Il est 17 h 30, la nuit commence à tomber. Hassan Bouba présente des signes de nervosité. Les anti-balaka, chasseurs redoutés, excellent dans la préparation d’embuscades, explique un combattant. Au bord de la piste, la végétation est dense et il est aisé de s’y cacher ou de disparaître en quelques secondes dans la nature. Au loin, une moto s’arrête sur le bas-côté : la jeune fille assise à l’arrière descend précipitamment et commence à s’enfoncer dans la forêt. Une demi-seconde suffit pour distinguer son regard affolé. Une fois le pick-up passé, elle remonte en selle. L’UPC «utilise le viol comme arme de guerre», affirme l’ONG Human Rights Watch qui a publié la semaine dernière un rapport sur les violences sexuelles des groupes armés en Centrafrique. Les chefs ont toujours nié, malgré des témoignages de victimes accablants.

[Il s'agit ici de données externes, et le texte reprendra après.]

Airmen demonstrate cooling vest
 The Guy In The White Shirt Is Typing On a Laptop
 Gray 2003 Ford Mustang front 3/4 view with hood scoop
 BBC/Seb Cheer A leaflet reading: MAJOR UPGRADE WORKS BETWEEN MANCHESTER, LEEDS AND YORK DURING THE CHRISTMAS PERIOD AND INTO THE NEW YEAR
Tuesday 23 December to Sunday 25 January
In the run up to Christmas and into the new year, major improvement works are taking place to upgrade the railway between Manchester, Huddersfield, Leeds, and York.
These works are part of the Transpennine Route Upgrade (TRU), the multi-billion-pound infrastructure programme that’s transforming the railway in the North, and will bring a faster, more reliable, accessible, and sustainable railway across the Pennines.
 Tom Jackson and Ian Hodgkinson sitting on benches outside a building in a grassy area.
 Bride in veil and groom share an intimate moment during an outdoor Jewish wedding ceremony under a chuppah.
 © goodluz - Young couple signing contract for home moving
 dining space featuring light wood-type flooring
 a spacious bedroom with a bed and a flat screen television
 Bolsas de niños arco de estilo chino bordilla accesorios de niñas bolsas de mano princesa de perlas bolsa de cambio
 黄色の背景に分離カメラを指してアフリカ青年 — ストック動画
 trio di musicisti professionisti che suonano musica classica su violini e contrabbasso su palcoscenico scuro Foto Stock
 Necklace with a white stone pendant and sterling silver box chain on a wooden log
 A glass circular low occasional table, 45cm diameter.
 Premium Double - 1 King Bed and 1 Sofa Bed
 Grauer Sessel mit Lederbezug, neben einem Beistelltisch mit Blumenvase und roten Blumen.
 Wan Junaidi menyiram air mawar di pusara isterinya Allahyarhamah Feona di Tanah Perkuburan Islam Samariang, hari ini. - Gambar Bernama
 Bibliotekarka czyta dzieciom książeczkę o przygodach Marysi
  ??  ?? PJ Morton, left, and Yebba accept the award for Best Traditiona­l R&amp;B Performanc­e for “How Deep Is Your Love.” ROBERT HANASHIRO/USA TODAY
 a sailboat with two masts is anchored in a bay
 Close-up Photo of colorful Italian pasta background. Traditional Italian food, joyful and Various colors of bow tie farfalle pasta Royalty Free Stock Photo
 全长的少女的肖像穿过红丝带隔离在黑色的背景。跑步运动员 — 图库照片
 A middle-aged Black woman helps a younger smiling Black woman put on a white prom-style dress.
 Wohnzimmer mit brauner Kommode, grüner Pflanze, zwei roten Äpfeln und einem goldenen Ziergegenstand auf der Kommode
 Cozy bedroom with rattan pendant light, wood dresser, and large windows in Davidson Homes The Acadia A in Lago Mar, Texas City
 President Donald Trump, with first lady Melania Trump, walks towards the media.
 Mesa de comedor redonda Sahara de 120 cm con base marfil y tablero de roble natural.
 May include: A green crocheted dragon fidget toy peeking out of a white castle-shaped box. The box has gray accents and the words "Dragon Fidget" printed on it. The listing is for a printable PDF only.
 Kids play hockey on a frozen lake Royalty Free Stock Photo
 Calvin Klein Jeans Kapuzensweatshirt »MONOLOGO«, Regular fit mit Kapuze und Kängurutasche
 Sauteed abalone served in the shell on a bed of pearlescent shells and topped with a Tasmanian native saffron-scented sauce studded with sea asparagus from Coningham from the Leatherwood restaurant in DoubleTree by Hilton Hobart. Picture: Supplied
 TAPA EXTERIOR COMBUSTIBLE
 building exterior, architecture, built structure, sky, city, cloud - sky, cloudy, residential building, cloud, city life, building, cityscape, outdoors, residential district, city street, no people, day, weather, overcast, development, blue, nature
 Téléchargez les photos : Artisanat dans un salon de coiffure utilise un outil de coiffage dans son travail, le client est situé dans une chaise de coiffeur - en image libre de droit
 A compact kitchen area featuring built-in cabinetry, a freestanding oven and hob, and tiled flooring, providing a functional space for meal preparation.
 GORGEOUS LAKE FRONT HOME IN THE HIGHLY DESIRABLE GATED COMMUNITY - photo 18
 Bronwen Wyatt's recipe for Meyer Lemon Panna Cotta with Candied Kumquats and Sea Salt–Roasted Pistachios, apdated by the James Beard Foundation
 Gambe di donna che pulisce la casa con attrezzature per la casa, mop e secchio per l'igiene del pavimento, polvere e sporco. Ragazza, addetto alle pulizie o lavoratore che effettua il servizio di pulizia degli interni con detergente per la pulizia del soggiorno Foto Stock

L’arrivée au point kilométrique 100 a lieu dans la pénombre. Plus que 20 kilomètres avant Alindao. Les plus dangereux pour les hommes d’Ali Darassa, qui redoutent une attaque anti-balaka aux abords de leur place forte. Le leader de l’UPC a envoyé son escorte personnelle récupérer son conseiller. En attendant l’arrivée des renforts, les guerriers sont allongés sur des nattes et découpent avec leurs poignards de larges portions de bœuf braisé. Les kalachnikovs sont éclairées par la lumière blanche des téléphones portables. De loin, les cigarettes incandescentes ressemblent à des lucioles.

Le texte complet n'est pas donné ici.